### Exercise objective
Transcribe the records below from the first line to the line that includes "Nova Cleaners", inclusive, and omit the pictures.

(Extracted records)
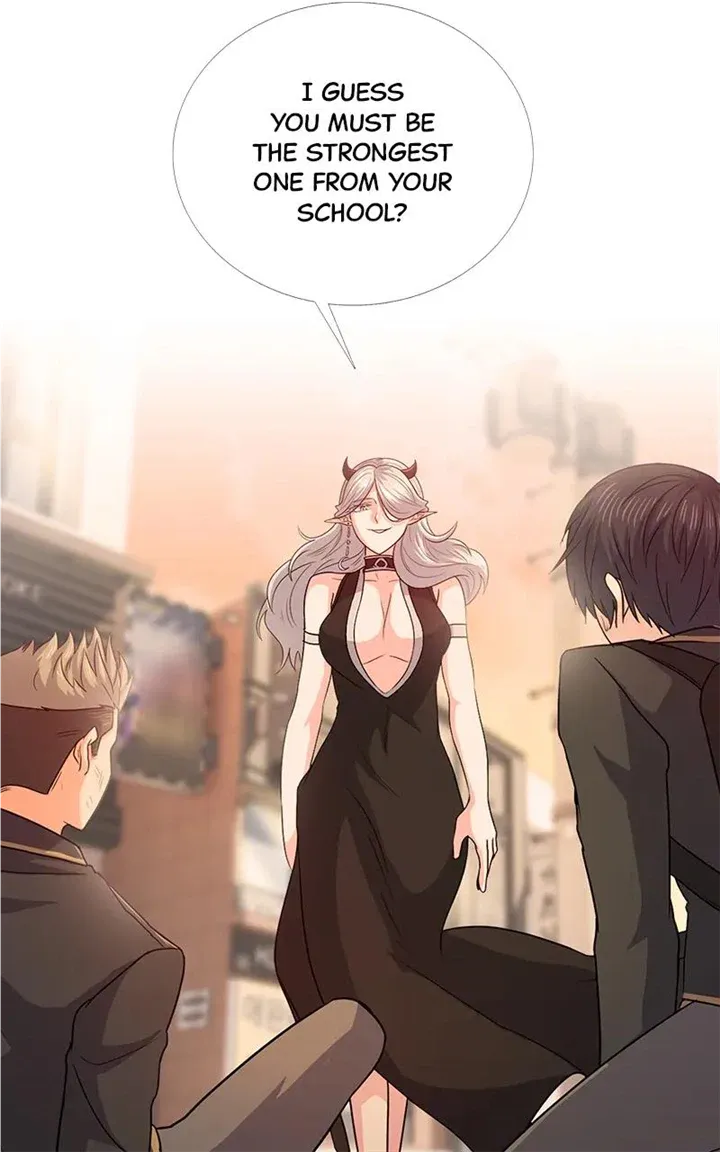 Real World Mobile Chapter 48 Online - página 80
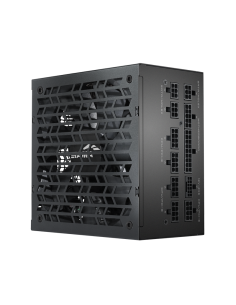 SAMA ALIM G1000 BK BALCK 80+ GOLD ATX 3.1 PCIe5.1 F.MODULARE 2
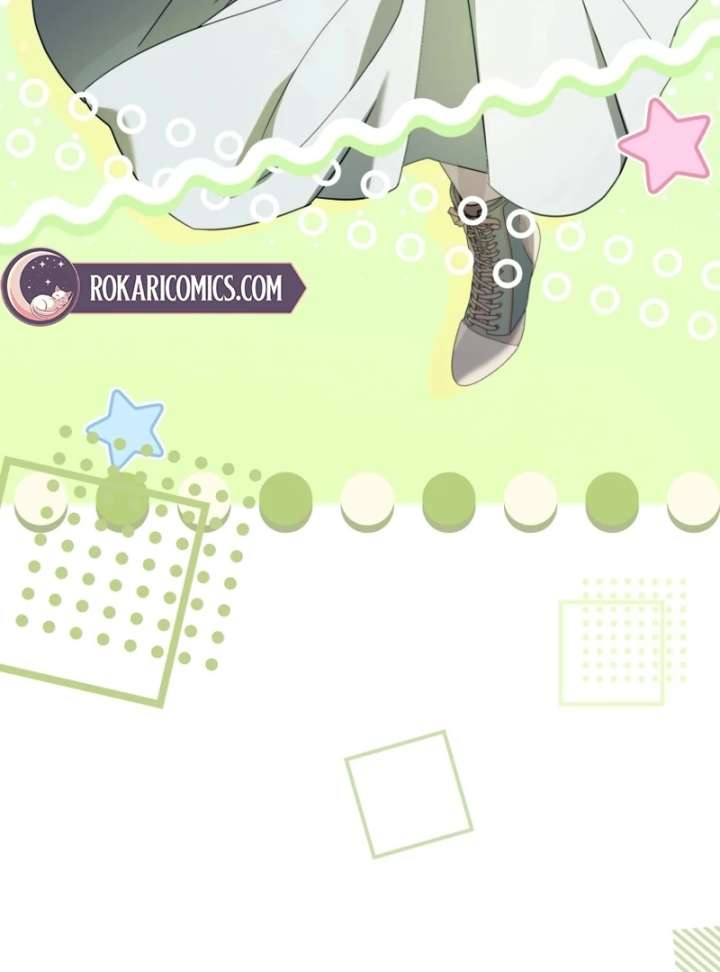 I Will Pay the Price for Deceiving You With My Life Chapter 36 - Page 28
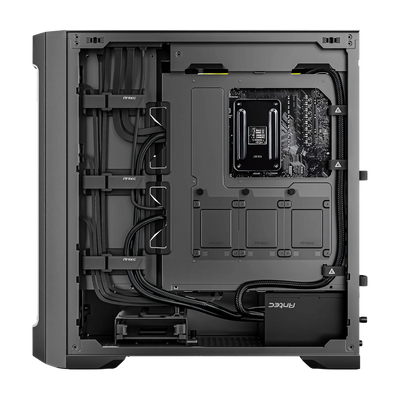 Antec Performance 1 FT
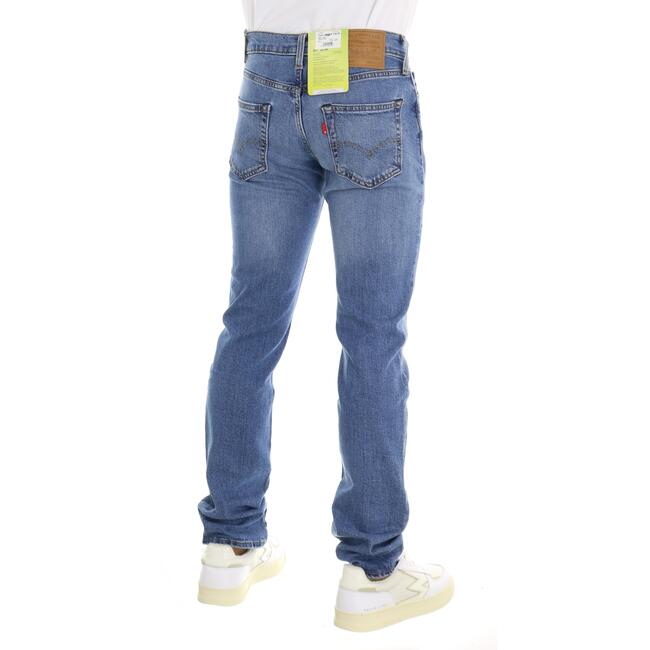 JEANS 511 LEVI'S - Mad Fashion | img vers.650x/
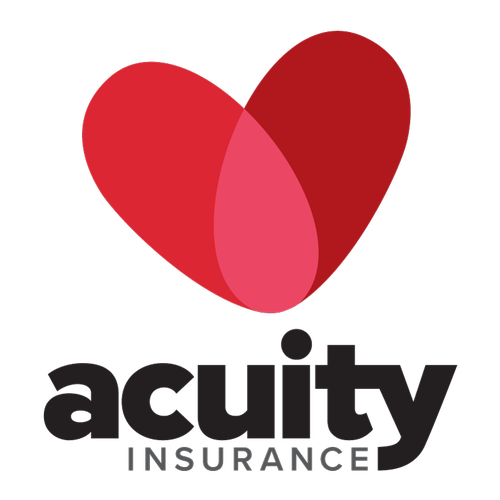 Acuity Insurance Logo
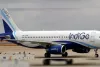 IndiGo to Launch Business Class on 12 Routes with New Loyalty Program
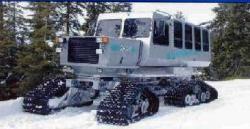 tucker-sno-cat-diplomat-2001-model-1643ef-26-6.jpg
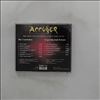 Accuser -- Conviction / Experimental Errors (2)
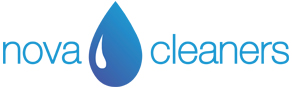 Nova Cleaners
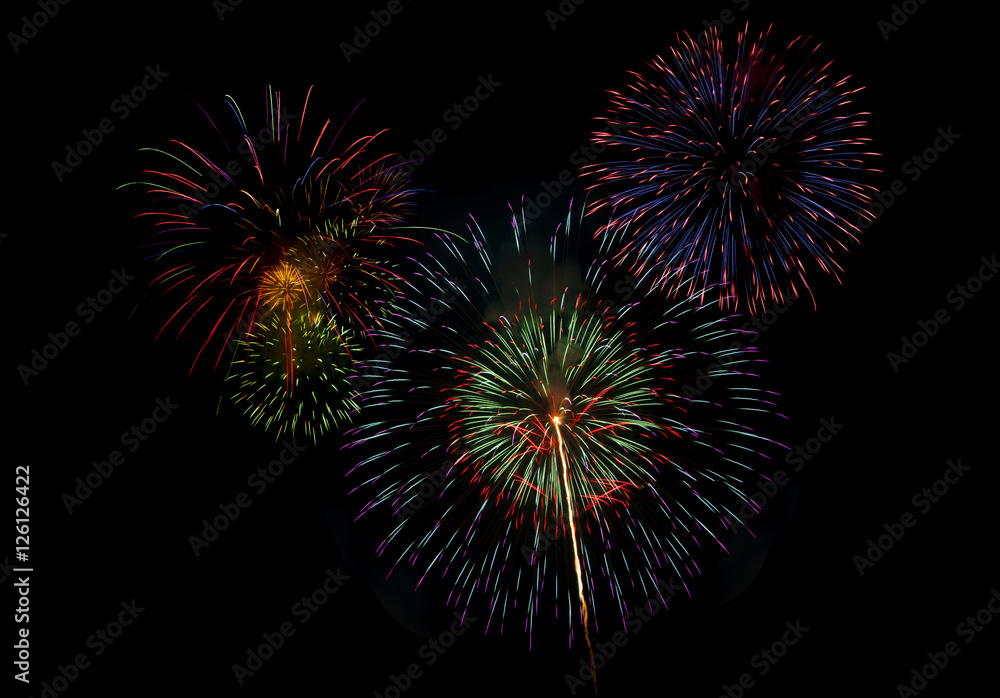 fireworks ,firework display for celebration,celebrate firework fireworks ,firework display for celebration,celebrate firework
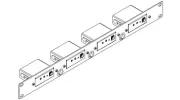 RK-4PT
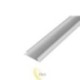 LED profilis Masterled lankstus 2 m anoduotas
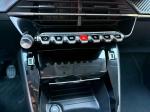 peugeot-208-2022-diesel-1499cc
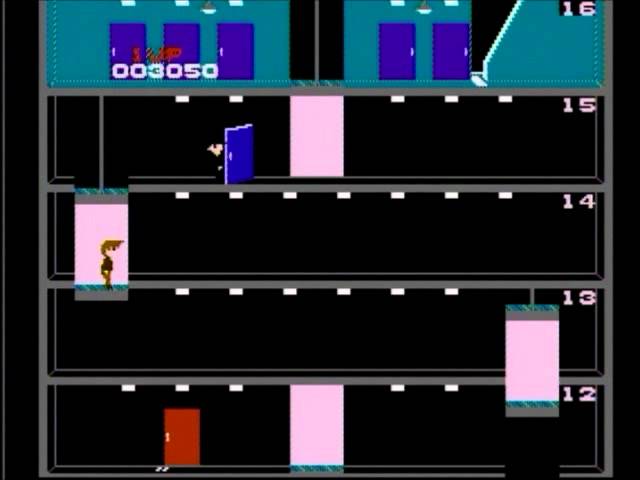 レトロ 電子ゲーム】マスダヤ プレイ＆タイム ジャングル冒険と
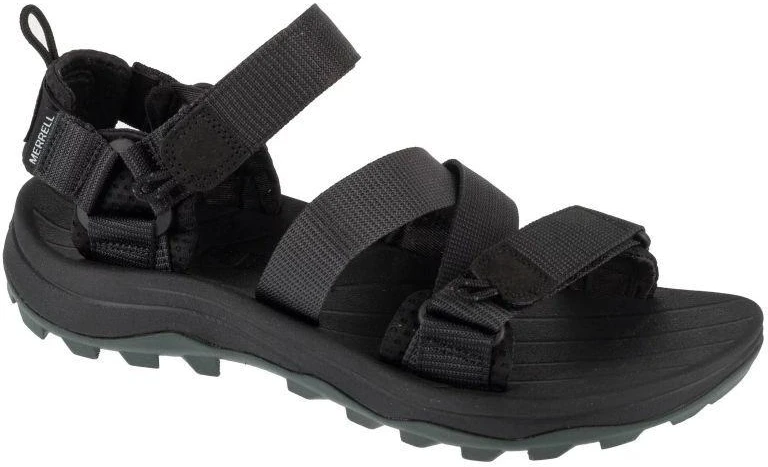 Merrell Speed Fusion Sport Rmx sandalai M J007083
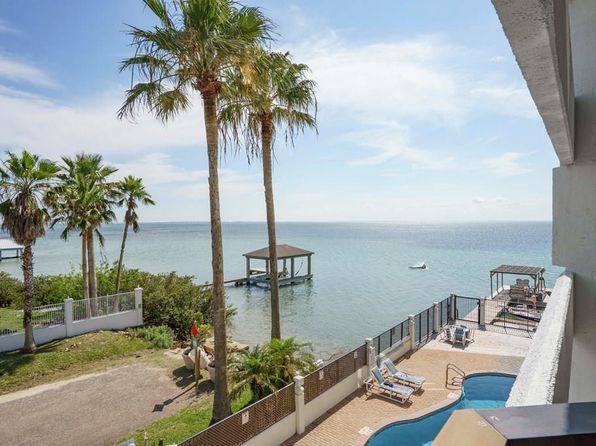 South Padre Island TX Real Estate - South Padre Island TX Homes For Sale |  Zillow
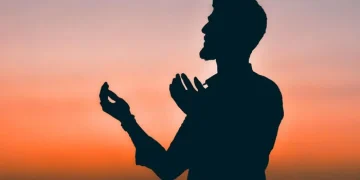 ’’صبر‘‘ کی توفیق سب سے بہتر اور وسیع تر عطیہ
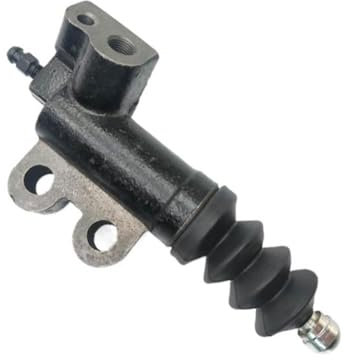 Sistema hidráulico de embrague 30620-01J01 Kit De Bomba De Embrague Para PATROL 4x4, Cilindro Secundario Para Transmisión Automática Cilindro de embrague de automóvil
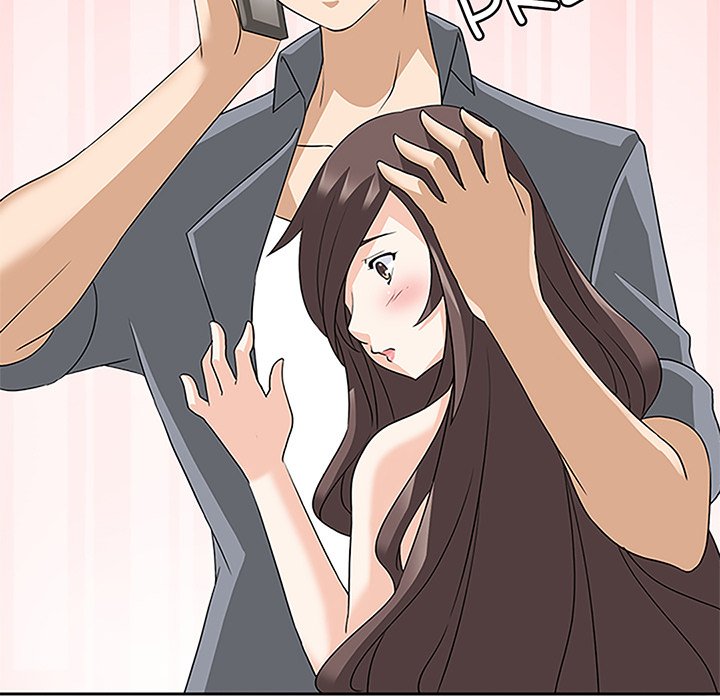 Agent Playboy, Reporting for Duty! - episode 12 - 92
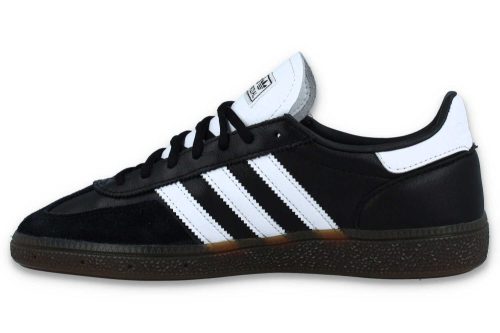 adidas handball spezial schwarz ie3402 03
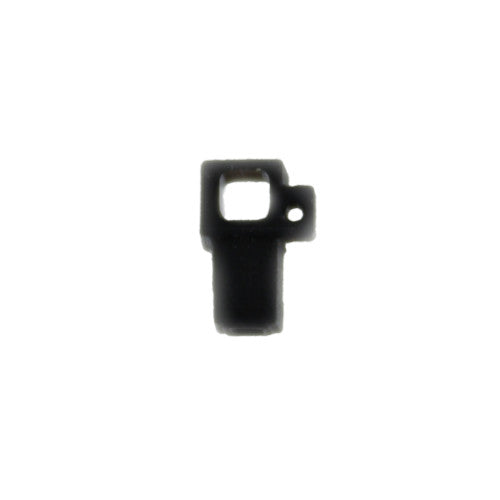 Whirlpool Guide, Use & Care - W10017540
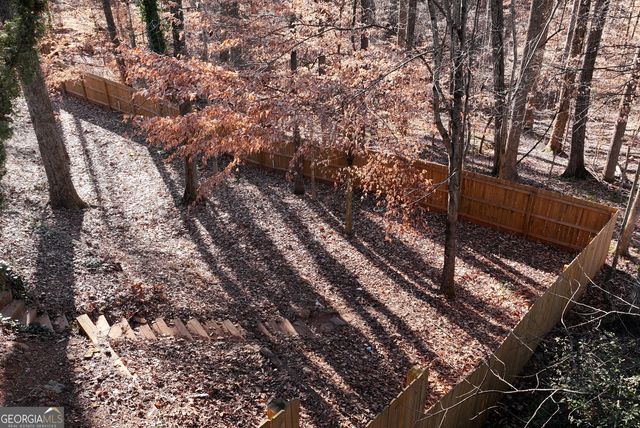 946 Chippewa Oak Drive NE, Dacula, GA 30019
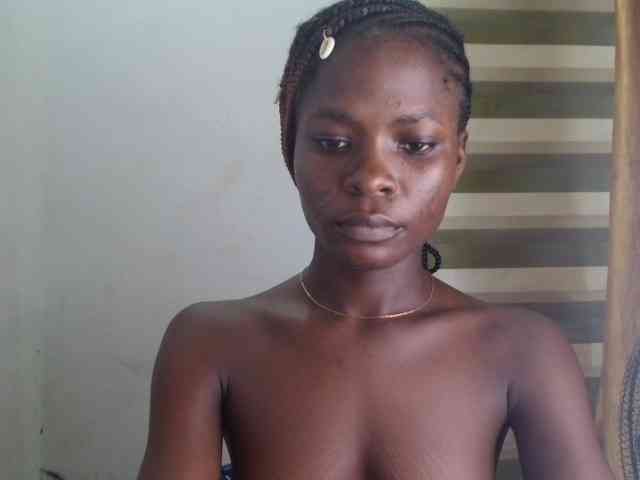 Sexyxcunt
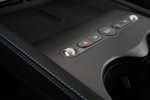 BYD SEAL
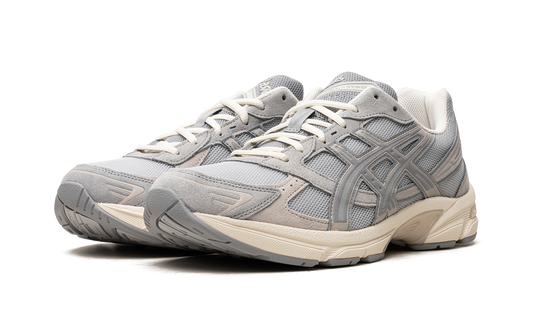 GEL-1130 "Piedmont"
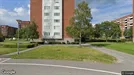 Lägenhet att hyra, Norrköping, Vilbergsgatan<span class="blurred street-number" onclick="ProcessAdRequest(5843832)"><span class="hint">Se väg-nr</span>[xxxxxxxx]</span>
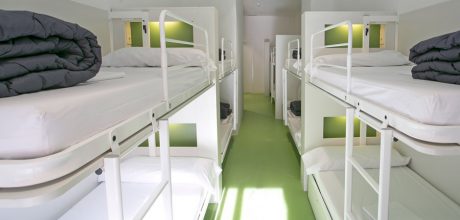 12-Bed Dorm ensuite_01 12-Bed Dorm ensuite_01
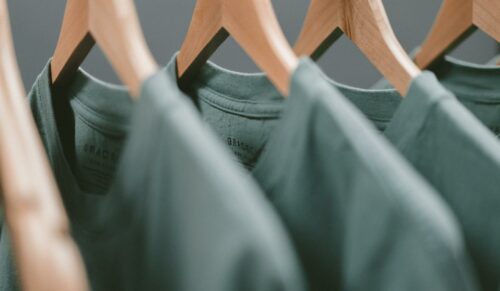 Unternehmensberatung McKinsey legt Studie vor. (Foto: Keagan Henman/Unsplash)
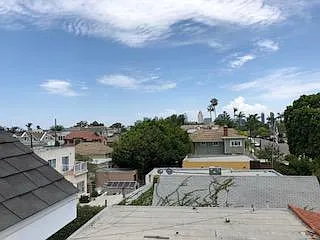 432 D Ave — Photo 49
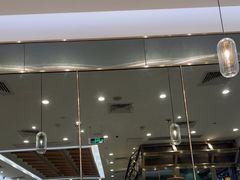 -翠华餐厅(正佳广场店)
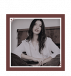 Maɾɩa Madalena.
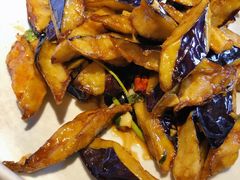 -鑫悦诚府·新鲁菜·餐厅(趵突泉店)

### Exercise response
 Real World Mobile Chapter 48 Online - página 80
 SAMA ALIM G1000 BK BALCK 80+ GOLD ATX 3.1 PCIe5.1 F.MODULARE 2
 I Will Pay the Price for Deceiving You With My Life Chapter 36 - Page 28
 Antec Performance 1 FT
 JEANS 511 LEVI'S - Mad Fashion | img vers.650x/
 Acuity Insurance Logo
 IndiGo to Launch Business Class on 12 Routes with New Loyalty Program
 tucker-sno-cat-diplomat-2001-model-1643ef-26-6.jpg
 Accuser -- Conviction / Experimental Errors (2)
 Nova Cleaners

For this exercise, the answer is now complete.